And what doth the Lord require of thee, but to do justly, and to love mercy, and to walk humbly with thy God?-Micah vi. 8.

HE consummate result of all education consists in

THE

the power of applying a few scientific principles. All the possibilities of literature are enfolded in the alphabet. The most abstruse and bewildering calculations, ciphering up in columns and platoons of figures, are only the combination of familiar units. Out of one clear rule or method spring all the products of this branching and luxuriant science. So the highest art and achievement of man's life is but the flowering of one or two germinal truths. Stately philosophies and complex creeds may be reduced to a proposition that can be written in the palm of the hand. So far as they are genuine, so far as they have any real force to help us concerning the great end of our being, this

is the sum and substance of them all; they are reducible in the last analysis to this: "Do justly, love mercy, and walk humbly with thy God."
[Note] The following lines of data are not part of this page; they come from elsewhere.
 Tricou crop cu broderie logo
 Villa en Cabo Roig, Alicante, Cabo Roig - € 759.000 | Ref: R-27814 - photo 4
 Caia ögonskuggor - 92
These, you will see at once, are requirements very easy to understand-worth whole tons of sermons and dissertations. These, the wayfaring man, though a fool, may comprehend. And yet, my friends, these are precepts which whole tons of sermons and dissertations, somehow or another, have not yet made practical in the hearts and lives of men. It is the application of the theory that is requisite; for there is a vast difference between principles to be applied, and the power of applying principles; just as there is a difference between the alphabet and the Iliad of Homer; between the first signs in algebra and the calculations of Leibnitz; between the school-boy's lesson and the achievements of Newton. Anybody can read the propositions in the text, but who converts them into flowers of the soul, and products of daily life? Words easily said are these, but what is the essence of them, and what do they call upon us to do? I maintain that they unfold and point out the entire essence of religion ―vital, evangelical religion.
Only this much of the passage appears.